WHAT TO PRODUCE - Working from the entries that follow, transcribe exactly and only the lines from the one with "Sommer, Sonne, Erntezeit: Jungbauern" through the last, pictures excluded.

Extracted data entries -
_ _ _ _
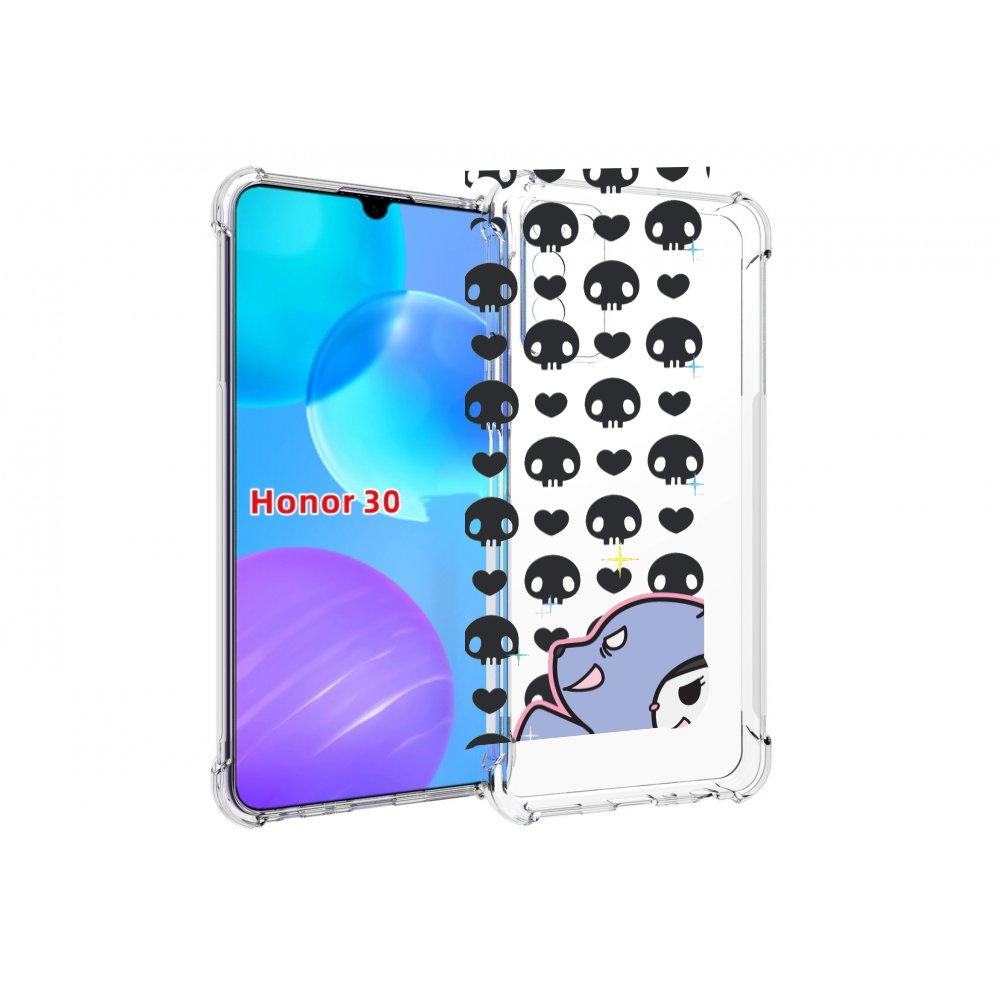 

Чехол MyPads злые-мини-животные детский для Huawei Honor 30 Lite, Tocco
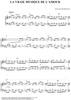 La Vraie Musique de L'Amour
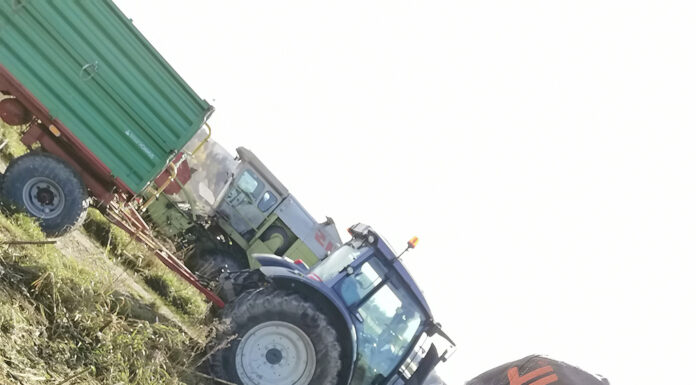 Sommer, Sonne, Erntezeit: Jungbauern bitten um Rücksicht im Straßenverkehr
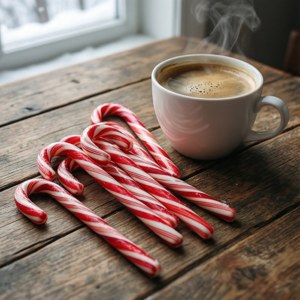 Candy Canes and Coffee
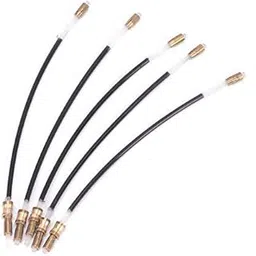 PERLMAN Violin Accessories Professional Violin Tailgut Tailcord Gut Cord Violin Nylon And Rope Tail for 4/4 3/4 Fiddle (5pcs/set)-picture-10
_ _ _ _
EXPECTED ANSWER -
 Sommer, Sonne, Erntezeit: Jungbauern bitten um Rücksicht im Straßenverkehr
 Candy Canes and Coffee
 PERLMAN Violin Accessories Professional Violin Tailgut Tailcord Gut Cord Violin Nylon And Rope Tail for 4/4 3/4 Fiddle (5pcs/set)-picture-10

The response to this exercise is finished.